Observer Staff Writer
At its Feb. 10 meeting, the Village Board of Trustees discussed the possibilities of decorating traffic signals that Macomb County is slated to install later this year to modify the intersection of 32 Mile Road and Van Dyke.
The Department of Roads is investing roughly $125,000 to modernize the signal at St. Clair Street and Main Street to include illuminated street signs, three-level signals, crossing signals and cameras to control the traffic signals.
To hold the equipment, mast arms like those seen at Van Dyke intersections like 25 Mile and 26 Mile roads will be installed. The design, however, has caused trustees to investigate options that go with the historic nature of the village.
Village President Mike Lee said upon investigation the county doesn't vary from its pole styles, but the village's engineering firm did present the option of purchasing and maintaining decorative bases at $2,000 to $2,500 each.
"We'll need four to probably stockpile one or two of them," Lee said. "They're not a change in functionality, it's just the look of downtown."
He said the village would be responsible for the bases, not the county. Lee said if the village were to change out the poles for its own selection, it would be liable for maintaining and replacing them.
Trustee Bob Hart said the village should exhaust its options before the county installs the new signal. He said county might provide another option since Romeo is a historic village.

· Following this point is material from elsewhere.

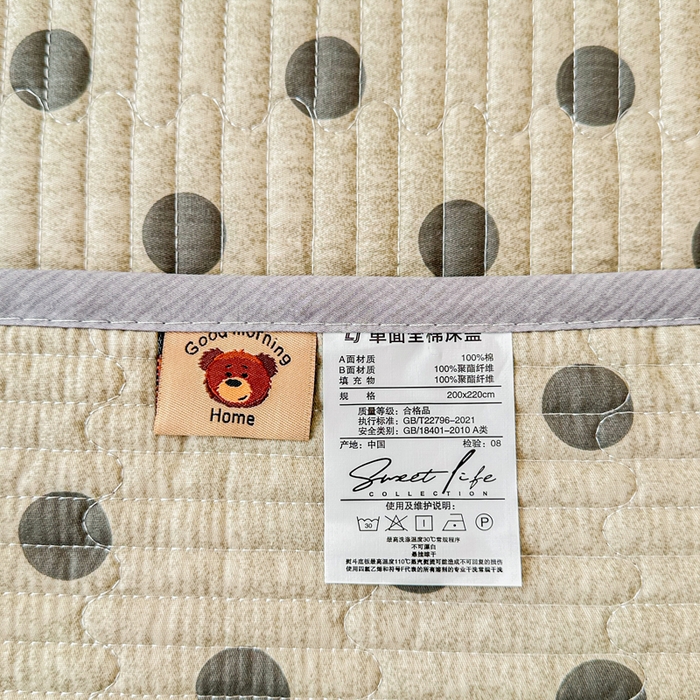 91家纺网 家纺一手货源 找家纺 2026新款13070单面全棉绗缝床盖三件套 灰调波点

"I think those things are just monstrosities that are going to be put in there," he said.
The county considered changing the lane configuration of the intersection as well, but Lee said the current lane structure will remain. However, he said he still has concerns about the stop bar on E. St Clair Street being closer to the signal, especially after a vehicle recently knocked over the pedestrian crossing signal.
"That is causing eastbound traffic, such as 18-wheelers or any other rigs, having to cut closer," he said.
He said the county has yet to turn over its traffic study on the intersection, which may change the stop bar location.
Lee said when information is received from the county, a committee of village representatives will reconvene and discuss the signal further.